A
expressão “adaptação razoável” consta de nosso ordenamento jurídico desde que o
estado brasileiro assinou, em 2007, a Convenção sobre os Direitos das Pessoas
com Deficiência (CDPD).
O
art. 2º da CDPD dispôs:
“art. 2º - Definições
Para os propósitos da
presente convenção:
(...)
‘adaptação razoável’
significa as modificações e os ajustes necessários e adequados que não
acarretem ônus desproporcional ou indevido, quando requeridos em cada caso, a
fim de assegurar que as pessoas com deficiência possam gozar ou exercer, em
igualdade de oportunidades com as demais pessoas, todos os direitos humanos e
liberdades fundamentais.”
Com
a vigência da Lei nº 13.146, de 2016 (Lei Brasileira de Inclusão – LBI), o
conceito foi mais uma vez albergado pela legislação nacional. Em texto muito
similar ao da CDPD, a LBI assim dispõe:
“Art. 3º. Para fins de
aplicação desta lei, consideram-se:
(...)
VI – adaptações
razoáveis: adaptações, modificações e ajustes necessários e adequados que não
acarretem ônus desproporcional e indevido, quando requeridos em cada caso, a
fim de assegurar que a pessoa com deficiência possa gozar ou exercer, em
igualdade de condições e oportunidades com as demais pessoas, todos os direitos
e liberdades fundamentais.”
À
luz dos dois diplomas, a adaptação razoável é o emprego de todos os mecanismos
disponíveis para ajustar práticas, matérias, ambientes, regras gerais, às
diferenças entre as pessoas, para assegurar igualdade de oportunidades.
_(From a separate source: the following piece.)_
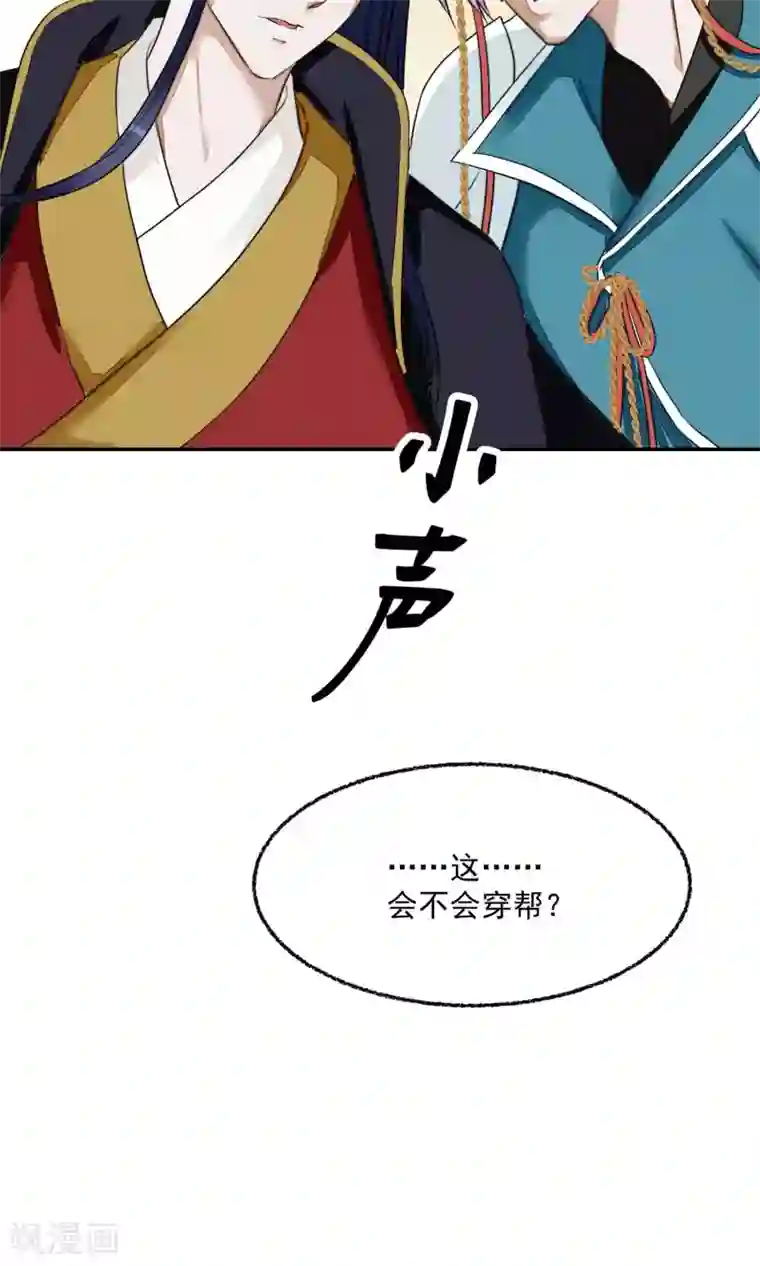 读档皇后第13话 约会后花园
Muito
simples, em princípio. Todavia, na prática, os sujeitos passivos desse direito
(Estado; entes privados que exercem função via concessão, permissão; entes que
contam com recursos públicos, mesmo que indiretamente; e particulares, na
medida em que se vinculam aos direitos fundamentais) nem sempre cumprem com seu
dever, pois, ao interpretar esse termo em conjunto com “ônus indevido”, questionam-se:
quais os mecanismos razoáveis? O que se deve entender por ônus indevido? A
expressão se refere apenas a despesas?
Considerando-se
a recente vigência da LBI, a doutrina acerca dessa questão nela fundamentada
ainda é escassa. Assim, há de se recorrer à interpretação da CDPD. Uma vez que
a LBI dispôs acerca dessa matéria de forma idêntica àquela albergada na
Convenção, o que se discutiu naquela sede é absoltamente válido para esta.
O
primeiro ponto que necessita de ficar assente é que existe um direito
fundamental à adaptação razoável e os titulares desse direito são as pessoas
com deficiência.
Para
discorrer acerca dos demais aspectos inseridos na interpretação dessa questão,
usaremos excelente doutrina lavrada por Letícia de Campos Velho Martel, em
artigo publicado na Revista Internacional de Direitos Humanos[1]. A autora, ao discorrer
sobre o assunto à luz da CDPD, firma que se não houver ônus indevido, a
ausência de adaptação razoável configura discriminação. Há o direito de não ser
discriminado correlato ao dever de não discriminação.
Ao
estabelecer o alcance do termo “razoável”, a autora afasta a concepção de que
razoável seria aquilo que é ordinário, corriqueiro, e recomenda que o termo
seja interpretado como eficaz para
adaptar o ambiente material e normativo às necessidades de cada pessoa com
deficiência com o mínimo de segregação e estigma possível, com atenção às
particularidades que tornam permissíveis excepcionar ou flexibilizar enunciados
e práticas gerais. Destaca também que eficaz não se restringe apenas aos
aspectos práticos, mas é extensível aos aspectos menos palpáveis, como evitar o
estigma, a humilhação, o constrangimento.
Ainda,
conforme estabelecido no início, é preciso analisar o termo ‘razoável’ em
conjunto com ‘ônus indevido’. O ônus indevido é a defesa que permite ao sujeito
passivo eximir-se de adaptar. Nesse aspecto, é imperioso aceitar que ônus existirá,
apenas que ele não pode ser indevido. Para esse arbitramento do que é indevido,
a autora relaciona dois fatores.
O
primeiro fator diz respeito à finalidade buscada pela medida geral que se
pretende excepcionar por meio da adaptação. Se o objetivo da medida for
frustrado de modo relevante, o ônus será indevido. Neste ponto, autora destaca
que não basta a quem adotou a medida demonstrar que ela foi tomada de boa fé,
de modo imparcial e igualitário. A defesa será completa apenas se for
demonstrado que a adaptação bloqueia o fim pretendido.
O
segundo, a comparação entre custos e benefícios, lembrando que os mesmos não se
exaurem na questão econômico-financeira. Contabilizam-se benefícios diretos e
indiretos, considerando-se os beneficiários primários, secundários e terceiros.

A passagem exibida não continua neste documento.